# Analysis of a Massive Parallel Gigabit Switch built with Commodity Hardware: Can Google Route?

Guido Appenzeller and Matthew Holliman EE384Y Final Project

#### ABSTRACT

In this paper, we describe a distributed routing architecture based on the use of commodity components. We evaluate the architecture of the components, discuss their aggregation into a larger system and evaluate its performance.

#### 1. INTRODUCTION AND MOTIVATION

The current design paradigm for a high-end router is based on a centralized switching fabric built from highly optimized, custom hardware. However, the rapid and continuing decline in prices for PC hardware, specifically for both CPUs and Gigabit Ethernet cards, makes it seem possible to consider a different approach. In particular, it seems feasible now to construct a distributed router using a relatively large number of commodity PCs and network interfaces (NICs).

The potential benefits of such a distributed architecture have been proven previously for other computationand bandwidth-intensive applications, examples of which include Google for search and data retrieval and Beowulf Clusters for scientific computing. A brief survey of prices for Gigabit switching and routing hardware suggests that such an approach could be equally attractive for building routers.

Fig. ?? shows a plot of the cost per Gigabit of switching capacity plotted against the total aggregate capacity of the switch. A single Gigabit Ethernet interface today is available for as low as \$35. Small switches of up to 12 or 24 ports have a count of about \$100 per Gigabit switching capacity [?]. Larger switches however have much higher per port cost [?]. While this data is admittedly incomplete and pricing high-end switches is non-trivial, there is evidence that the price increase is much faster than linear. At the same time it should be possible to build a large  $N \times N$  switch out of in the order of  $N \log N$  components. The cost of the components for building large switches out of smaller ones should thus be smaller than the price of today's large switches.

Currently the price of a stripped-down PC is approximately \$250, and copper Gigabit Ethernet cards are available for as low as \$35. The transfer rate achievable over a 66 MHz, 64-bit PCI bus approaches 4 Gbit/s.



Figure 1. Cost of switches per gigabit switching capacity for different total aggregate switch capacities. Even with the few data points it is evident that cost per GByte is much higher for high-end switches.



Figure 2. (a) System architecture. (b) Data flow from the NIC during packet arrivals. (c) Data and computational flow in CPU during packet processing.

Even a 33 MHz, 32-bit PCI bus on low-end hardware is capable in principle of supporting Gigabit traffic. Thus, based on back-of-envelope calculations, it seems possible in principle to build a  $3 \times 3$  or potentially  $4 \times 4$  switch that can route traffic at 1 GBit/s for \$400. These building blocks can be connected to form larger, distributed switching fabrics. A "fabric" of one hundred or so such building blocks has properties that are very different from traditional routers. For example, the fabric features very high aggregate memory bandwidth (over 100 GB/s, even using commodity hardware) and total computational power available (over 100,000 MIPS).

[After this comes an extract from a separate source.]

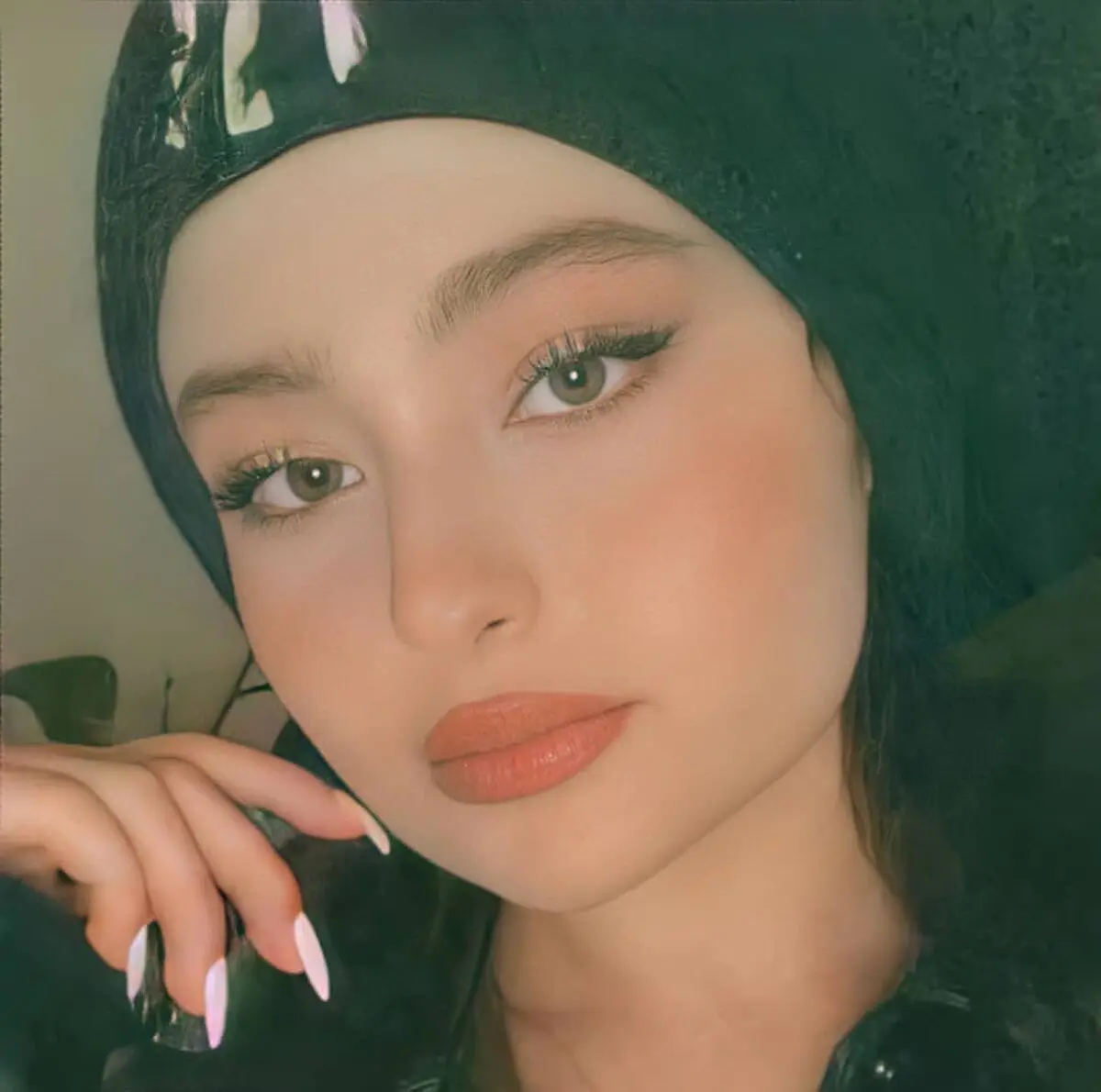 sara.nika.fan.33_1638023197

While not necessarily practical as described here, we believe the basic ideas should be implementable, e.g. in VLSI or by building it out of the chipsets currently used for smaller routers. Furthermore, we believe that as additional functionality is integrated into future routers and switches, there will be an increasing focus on software and a corresponding commoditization of hardware, which could lead to techniques such as those described here being of greater interest.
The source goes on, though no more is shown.